Il convient de noter que l’émergence d’un groupe d’attaque dans la zone pourrait être liée à un mouvement offensif contre la Chine, ce qui n’est en aucun cas dans l’intérêt de ce pays.

« Si la Grande-Bretagne veut violer les eaux territoriales chinoises, comme elle l’a fait dans le cas de la Russie, la Chine ripostera immédiatement et attaquera les navires ennemis sans avertissement. Pékin a déjà averti Londres des conséquences désastreuses de toute provocation », a déclaré un expert chinois.

Le 2 juillet, le ministère russe de la Défense a affirmé avoir effectué des tirs de sommation en direction d’un navire de guerre britannique accusé d’avoir violé les eaux territoriales russes, et même bombardé sa trajectoire.

Peu de temps après Mikhail Popov, secrétaire adjoint du Conseil de sécurité de la Russie a mis en garde contre les déclarations du Premier ministre britannique et du ministre britannique des Affaires étrangères selon lesquelles le destroyer pourrait à nouveau entrer en Crimée, affirmant que le comportement et la réaction de Londres après l’incident étaient incompréhensibles.

À cet égard, Londres semble avoir dépassé les lignes rouges et a annoncé il y a trois semaines que des opérations secrètes spéciales seraient menées contre la Russie.

Il est prévu que lors de ces actions, les Britanniques procèdent à utiliser plusieurs milliers de soldats des forces spéciales Air Service (SAS) et des forces Special Boat Sections (SBS).

Selon les informations publiées par le journal Times il y a trois semaines, citant le général Mark Totten, la Grande-Bretagne avait annoncé son intention d’agir durement à la fois contre la Russie et la Chine.

Le général de brigade Mark Totten avait déclaré : « Les forces spéciales britanniques (SAS et SBS) entreprendront une nouvelle mission secrète contre la Chine et la Russie.

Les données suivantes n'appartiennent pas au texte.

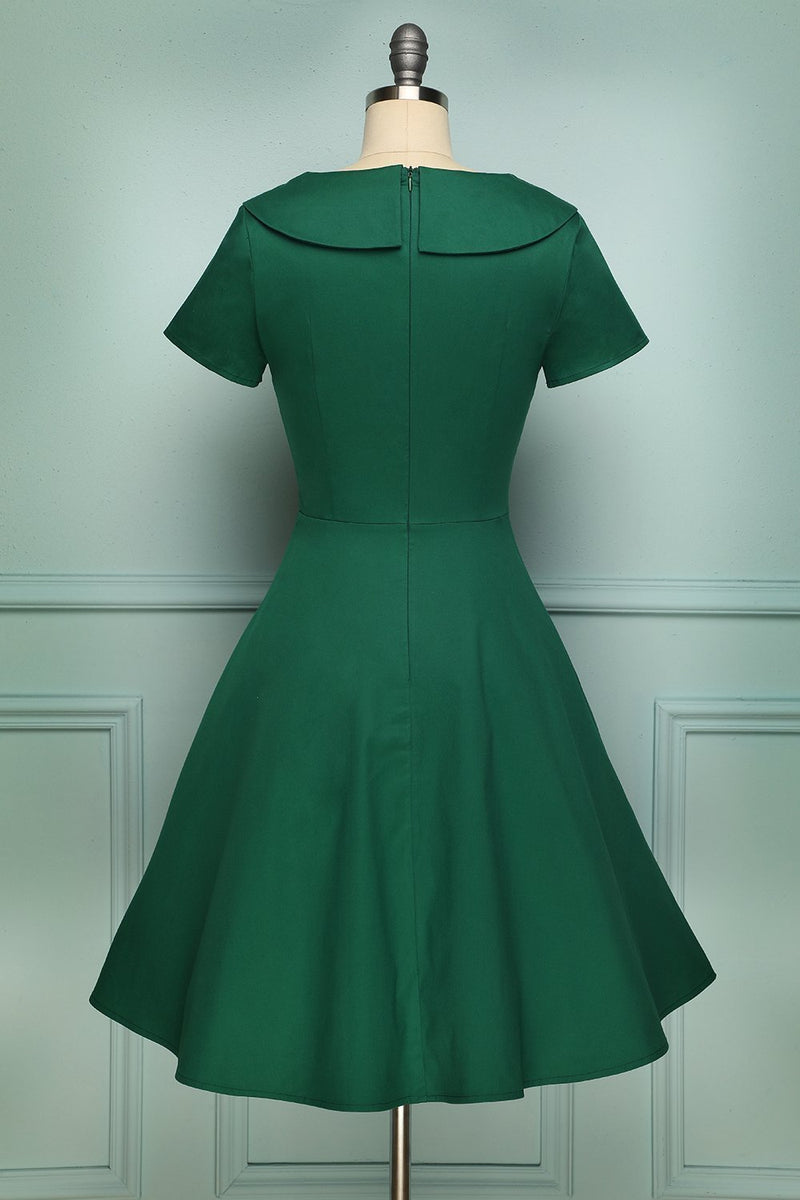 Carica l&#39;immagine nel visualizzatore di Gallery, Green Button Dress - ZAPAKA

Ces deux services auront plus de temps et de budget pour mener à bien des missions “à haut risque” qui nécessitent plus de détails, de planification et des habiletés des forces. Par conséquent, les Royal Marines assumeront la mission conventionnelle des deux services ».

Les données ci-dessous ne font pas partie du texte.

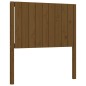 vidaXL Giroletto con Testiera Miele 90x200 cm in Legno Massello vidaXL Giroletto con Testiera Miele 90x200 cm in Legno Massello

Le journal avait rapporté qu’à l’avenir, sous la direction du général Totten une nouvelle unité commando britannique serait composée de 4 000 hommes qui partageraient avec les forces d’élite britanniques, des responsabilités pour lutter prétendument contre le terrorisme dans différentes parties du monde.

Une source au sein des forces armées britanniques, sans présenter aucune justification, avait qualifié les actions de la Chine d’hostiles et avait déclaré que les forces spéciales britanniques pourraient également former les marines des pays proches de la mer de Chine méridionale pour contrer la Chine.

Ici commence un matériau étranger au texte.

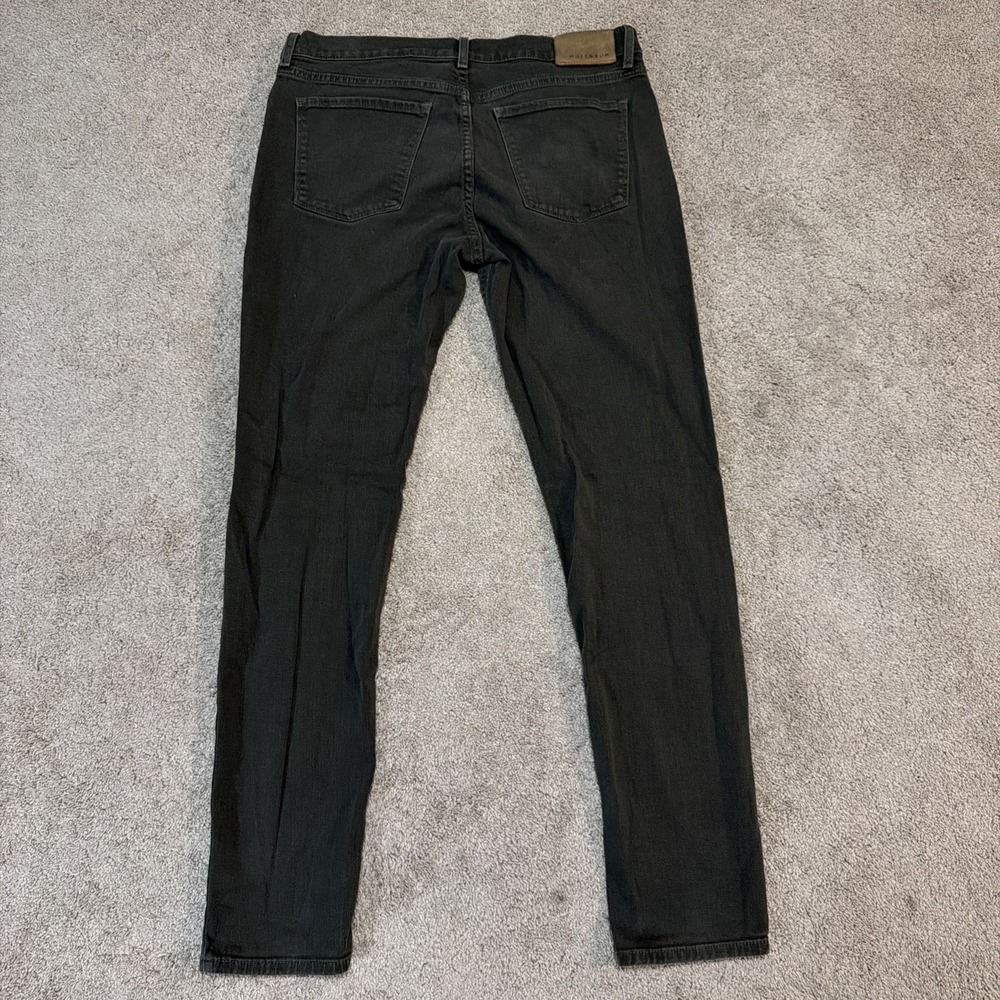 Mott & Bow Skinny Fit Pants Mens 33(34)x32 Green Stretch Chino 5-Pocket - Picture 6 of 10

Tenant compte du ferme soutien de la Russie à sa souveraineté contre toute agression britannique et de la grande capacité de l’armée russe dans les domaines aérien, maritime et terrestre, la publication d’une telle déclaration par la Grande-Bretagne pourrait conduire à une réaction très dure de la Russie.

À cet égard, Mikhail Popov avait averti que des actions similaires à l’avenir seraient contrées par les méthodes les plus dures de la part de la Russie.